**INSTRUCTIONS TO FOLLOW**
Of all the lines in the entries below, give again exactly those starting at the line containing "Batı Sydney, NSW" and ending at the line containing "MICHAEL KELLY Patriot", both ends included, and no others.

**THE RECORDS**
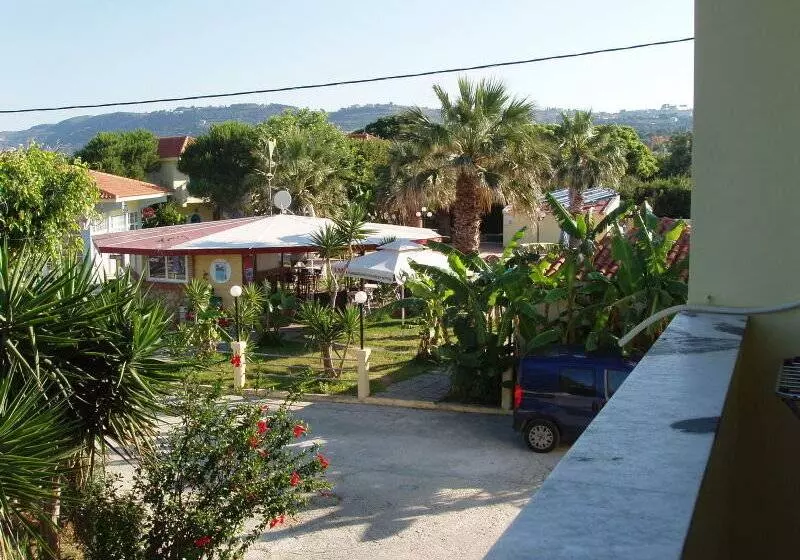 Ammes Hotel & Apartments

...

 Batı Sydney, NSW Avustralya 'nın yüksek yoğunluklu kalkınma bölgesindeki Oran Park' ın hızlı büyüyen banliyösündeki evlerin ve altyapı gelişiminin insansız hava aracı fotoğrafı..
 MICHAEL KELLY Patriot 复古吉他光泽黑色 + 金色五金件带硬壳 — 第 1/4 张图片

**SOLUTION FOR THIS TASK**
 Batı Sydney, NSW Avustralya 'nın yüksek yoğunluklu kalkınma bölgesindeki Oran Park' ın hızlı büyüyen banliyösündeki evlerin ve altyapı gelişiminin insansız hava aracı fotoğrafı..
 MICHAEL KELLY Patriot 复古吉他光泽黑色 + 金色五金件带硬壳 — 第 1/4 张图片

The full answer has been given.